Several times, I’ve hiked the Bluff Trail that traverses three different areas: Ebey’s Landing; the Robert Y. Pratt Preserve, Mr. Pratt “gave 147 acres of his land, including the beautiful Bluff Trail, to the Nature Conservancy, for its wildness to be preserved, enjoyed and shared with the public; and the Admiralty Inlet Natural Area Preserve, which, “protects one of only 11 remaining populations of golden paintbrush, a federally listed threatened plant species.”
On a visit during a Sunday, which was also a sunny day, my hiking partner and I encountered a lot of hikers who had the same idea. The parking lot is tiny, with room for about a dozen vehicles, so we, like many others, parked parallel to the shore along Hill Road, which is shown on their park map. En route to the trail head, we passed an area with informational signs, one notably about the man himself, Isaac Ebey, “the first resident land claimant on Whidbey Island” who “claimed and started a successful farm in 1850.” The park map indicates that the area from the parking lot to the trail head is part of Ebey’s Reserve.
Moments later, we reached the limits of the Robert Y. Pratt Preserve. If, instead of walking up the hill, we’d gone towards the right, we’d have reached the Ebey’s Prairie Trail with access to the Jacob Ebey and the Davis blockhouses as well as the Sunnyside Cemetery. The weather was perfect, with clear skies, so we decided to continue on the Bluff Trail and save the other way for a different day. Looking down from here to the beach below, the hikers looked tiny. And the higher we went, the scarier it became because the hand-rail-less trail reaches 300 feet above the lake below. A fall down the hillside would likely be deadly. If you made it down alive, you’d end up in the drink.
We stopped to look back from just above the trail head. Still ascending, we passed farmland. A few minutes later, an older runner carrying an iPod flew towards us along the trail. It didn’t seem so unsafe there to do so there, but further on, it definitely was. We saw several small groups of persons picnicking or just congregating, resting, and enjoying the amazing view. Soon we reached a line of sort of short gnarly-looking Douglas Fir trees, which should not have come as a surprise. The soil was dry and sandy and the trees aren’t protected from wind.

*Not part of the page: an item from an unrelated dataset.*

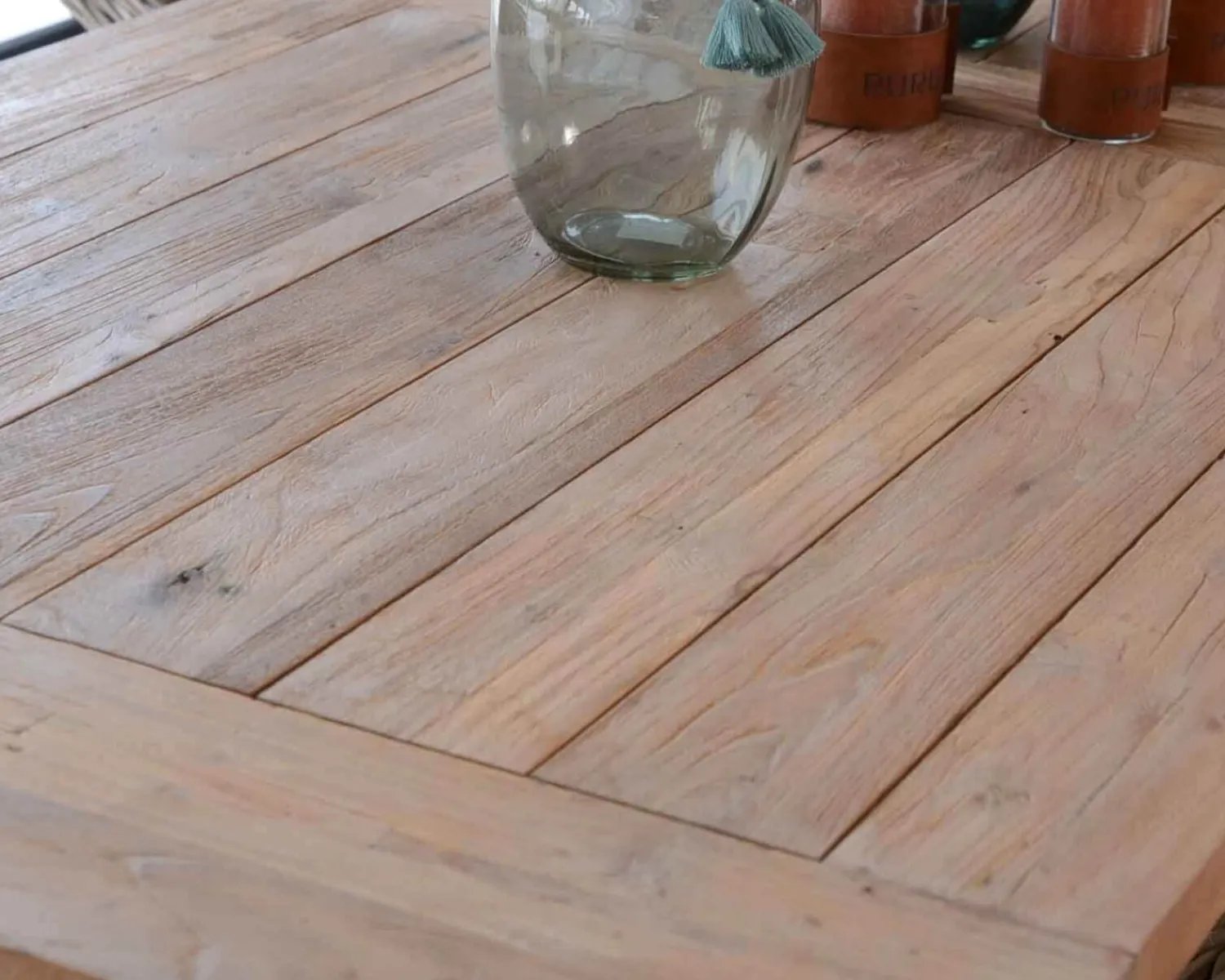 Meuble House Grande table de repas en teck recyclé 8/10 personnes "Balangan Beach"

To the west is a spectacular unobstructed view of the Olympic Mountains. To the south, you can watch the ferry that runs between Port Townsend and Coupeville near Admiralty Inlet, the Keystone side. Finally, we got a good view of what looked like a lagoon, but is, in fact, Perego’s Lake. I was hoping to see birds, but, except for a hawk, nada.
Because it was winter, there weren’t many plants in bloom, the one thing was a shrub called Leatherleaf mahonia Mahonia bealei, also known as leatherleaf holly, which is an invasive species. There were many dried up plants that I couldn’t identify at the time but on a later spring visit, I was able to enjoy in bloom and figure out what they were. The trail follows the top of the bluff for the most part until the northernmost end, when it begins to switchback. As we reached the beach, we tried to figure out the limits of Fort Ebey State Park, which lies just to the north, but isn’t accessible from the area of the Bluff Trail. I was relieved to reach the beach, look up, and see others descending. Driftwood, sand, seaweed and rounded rocks were everywhere along the shore line as we headed south towards the start point.
A family walked together along the beach, Dad carrying a log of driftwood long enough to know someone’s block off. Apparently, he’d not read the memo that forbids the collection of driftwood, which helps reduce beach erosion. I kept my distance. I got as close as I could to the lake, hoping to spy a cool creature, but, at least on this day, they were nowhere to be found. After what seemed like an eternity of trying to keep up with my long-striding husband along the rocky shore, we made it back to Hill Road where we were parked. Ninety minutes from when we started, we’d completed the hike. My GPS watch showed the distance as 3-3/4th mile with an elevation gain of 300 feet. During a nearly two mile distance of beach combing, I’d found only four shells, three of them within the first few moments we’d arrived, at the furthermost distance from the water in the sand mere feet from where we’d parked. The forth was from a limpet. The only other cool things I collected (but left, along with the others) were two conglomerate rocks.
This 3.5-ish mile hike is well worth the effort. The compacted trails along the bluff are steep and can be slippery, so beware. In addition, the weather brings out the world. It’s best to visit first thing in the morning and keep track of the tide. During some high tides, you’re forced to hike along the upper beach, which is tougher than the lower beach, so plan accordingly.